Chicago has arguably developed a stronger reputation as a city in which to do business than Detroit and some other midwestern cities. At the turn of this century, Chicago began positioning itself to be one of the emerging “global cities” that had successfully forged commercial connections to other cities of its kind around the world. Global cities are characterized by the most skilled occupations and activities in business services, finance, education, and technology; well-educated residents; forward-looking business leaders; and globally connected transportation and communications networks, among other attributes.
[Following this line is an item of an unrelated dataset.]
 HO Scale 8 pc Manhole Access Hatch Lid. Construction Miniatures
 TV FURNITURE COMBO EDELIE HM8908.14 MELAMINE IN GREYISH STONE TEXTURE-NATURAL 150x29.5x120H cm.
Owing to their strategic importance and global reach, corporate headquarters operations have become a hallmark of success for global cities. Early last decade, Chicago became the global headquarters of Boeing. Since then, the city has attracted Archer Daniels Midland, GE Healthcare, Oscar Mayer, and ConAgra, among others. Relocation of headquarters from the suburbs of Chicago to the central city has also taken place, including United (Air), Kraft Heinz, and Motorola Mobility.

In Detroit, both the IT software company Compuware and Quicken Loans have relocated operations from the suburbs to the downtown area (in 2003 and 2010, respectively). However, the scale of these moves falls far short of similar activity in Chicago.

Some argue that headquarters operations have downsized over time, representing far fewer direct jobs than in the past when headquarters often included back office, research, advertising, and payroll processing operations. However, the presence of headquarters is coincident with a much vaster nearby network of financial and business services, many of which are supported by colocation with the strategic headquarters of corporations.

The upshot then is that, even though the older industrial neighborhoods of Chicago share many of the same challenges as those of Detroit, Chicago has been better able to withstand the decline of industrial production. Whereas the city of Chicago has about four times as many people as the city of Detroit, Chicago has ten times as many jobs in finance, eight times as many jobs in professional services, six times as many jobs in education, and five times as many jobs in accommodation and food services. Since 1998, the Chicago area has gained almost 60,000 jobs in business services, while Detroit has lost over 35,000 jobs in the sector. During this period, Chicago also gained more than 20,000 jobs in colleges and universities, while Detroit gained none.

It is clear that Detroit needs to diversify its legacy industrial clusters as well as to build on them. This focus on industrial rebirth includes further specialization in the auto industry—especially R&D, as well as logistics and transportation, engineering and design, technology start-ups, and business services and finance. Indeed, diversification to a technology-oriented industrial structure has raised fortunes of old industrial regions elsewhere, with the Boston area being a prominent example.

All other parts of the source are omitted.